Work task
Could you retype exactly the lines below between the one holding "you see it?" and the one holding "Dolinas Climbing Center", inclusive, leaving out any pictures?

Dataset entries
╔══

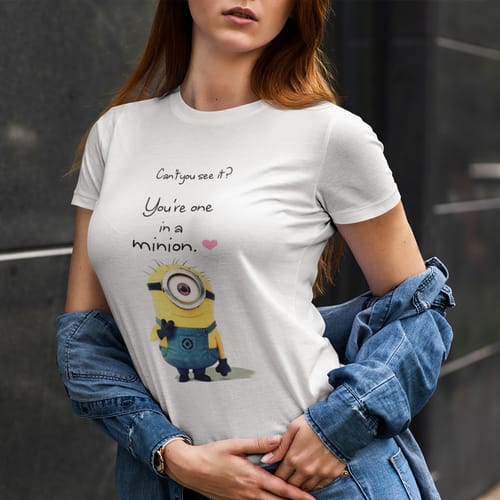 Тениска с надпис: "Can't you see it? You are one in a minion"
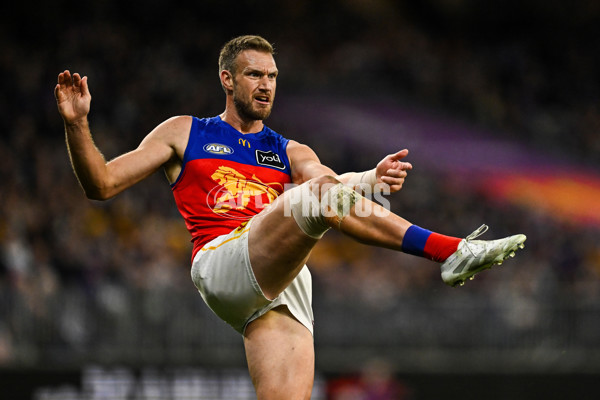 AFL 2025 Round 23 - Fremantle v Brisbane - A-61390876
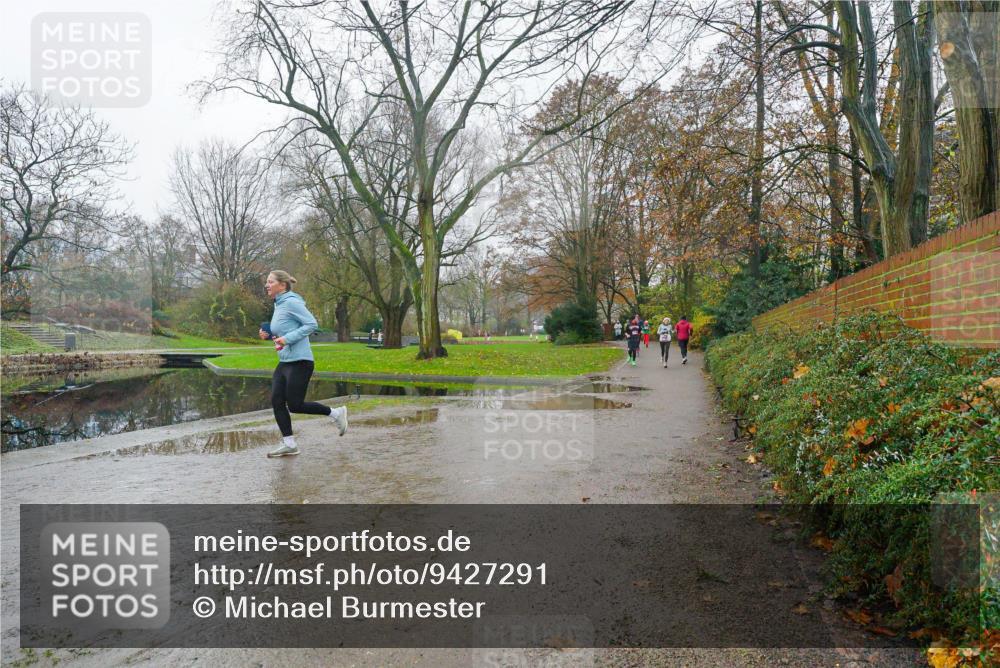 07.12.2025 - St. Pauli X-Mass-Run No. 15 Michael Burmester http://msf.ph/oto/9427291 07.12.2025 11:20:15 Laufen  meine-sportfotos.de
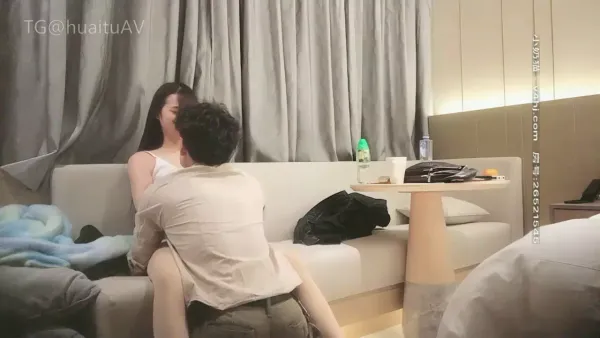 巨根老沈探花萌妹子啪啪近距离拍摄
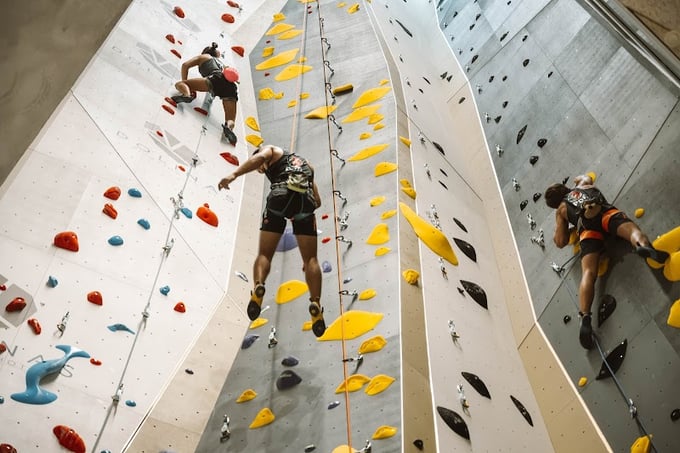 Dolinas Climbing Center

╚══
╔══

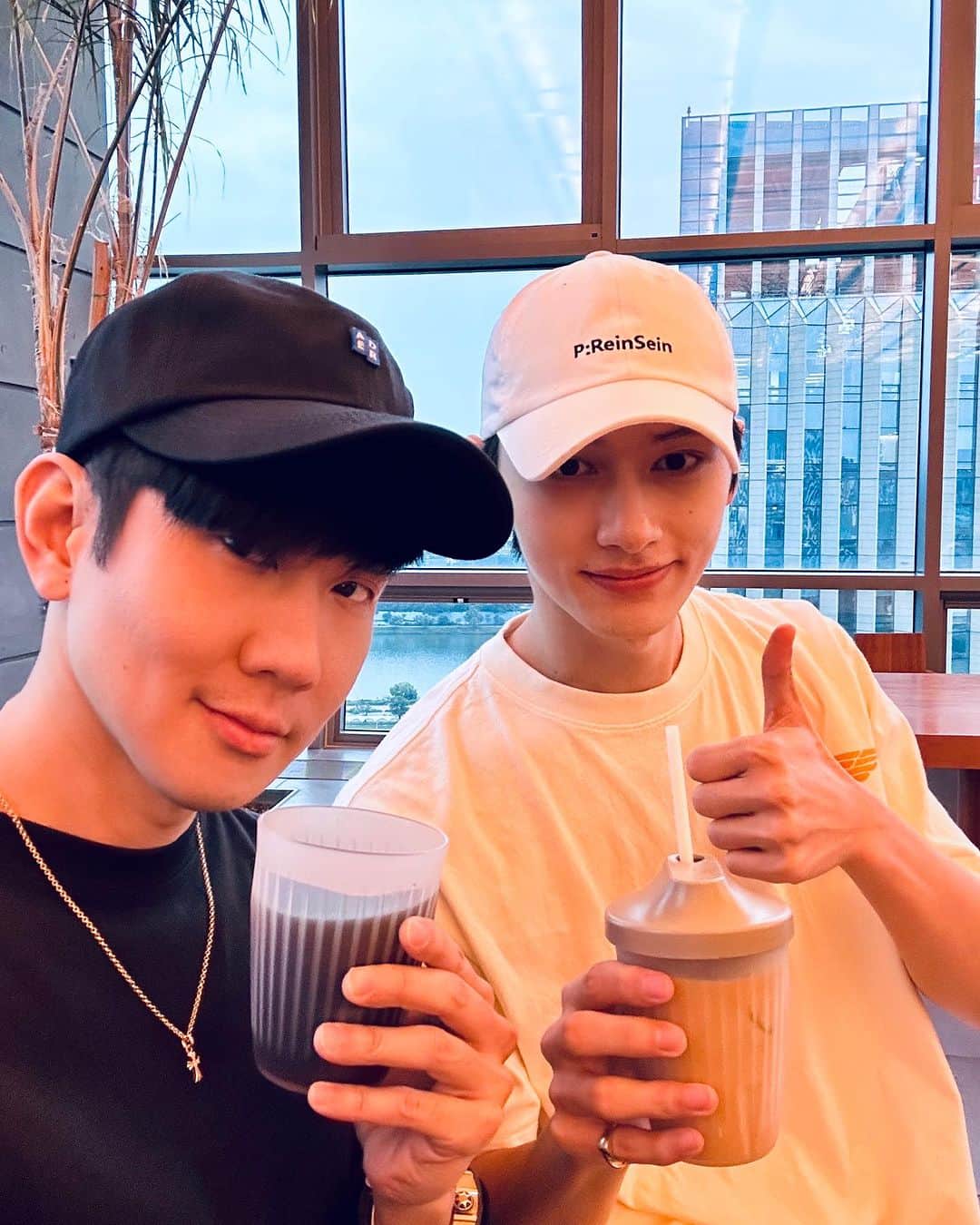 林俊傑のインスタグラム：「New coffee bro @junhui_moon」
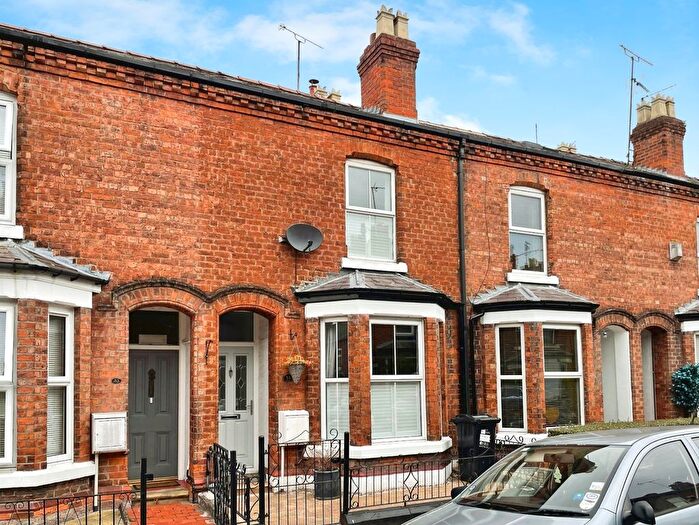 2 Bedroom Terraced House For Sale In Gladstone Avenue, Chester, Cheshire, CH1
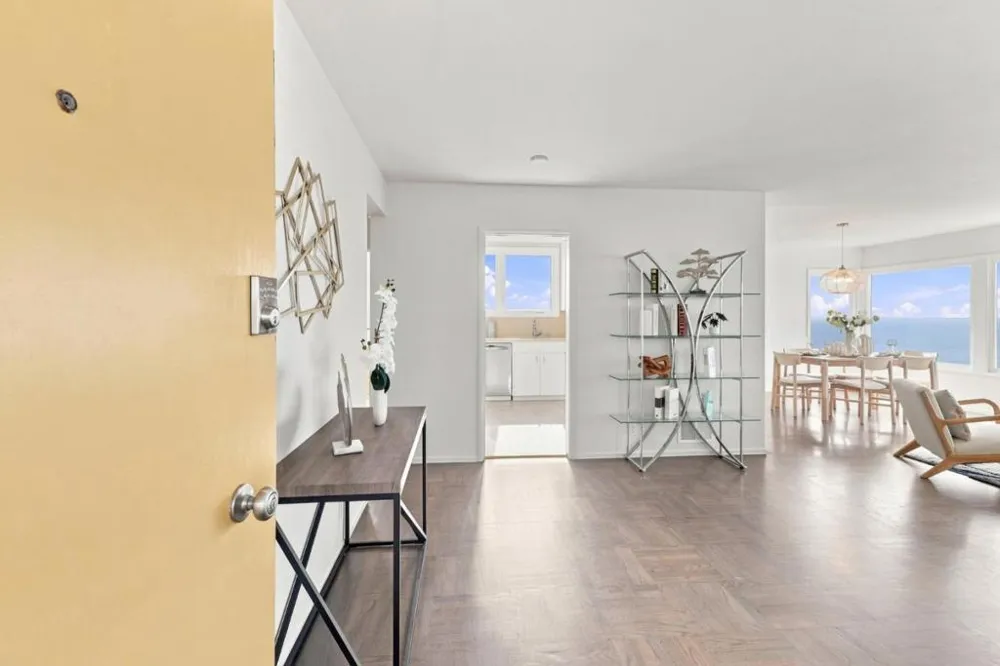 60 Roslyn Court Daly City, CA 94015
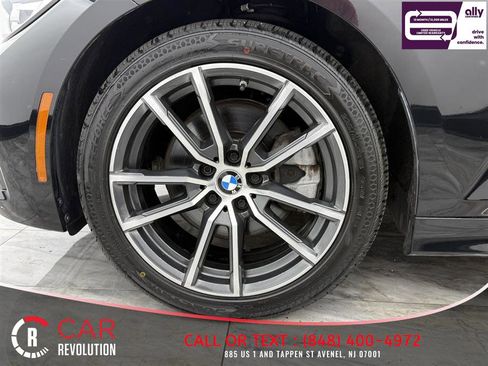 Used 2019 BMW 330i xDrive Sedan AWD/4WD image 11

╚══

Response area
 Тениска с надпис: "Can't you see it? You are one in a minion"
 AFL 2025 Round 23 - Fremantle v Brisbane - A-61390876
 07.12.2025 - St. Pauli X-Mass-Run No. 15 Michael Burmester http://msf.ph/oto/9427291 07.12.2025 11:20:15 Laufen  meine-sportfotos.de
 巨根老沈探花萌妹子啪啪近距离拍摄
 Dolinas Climbing Center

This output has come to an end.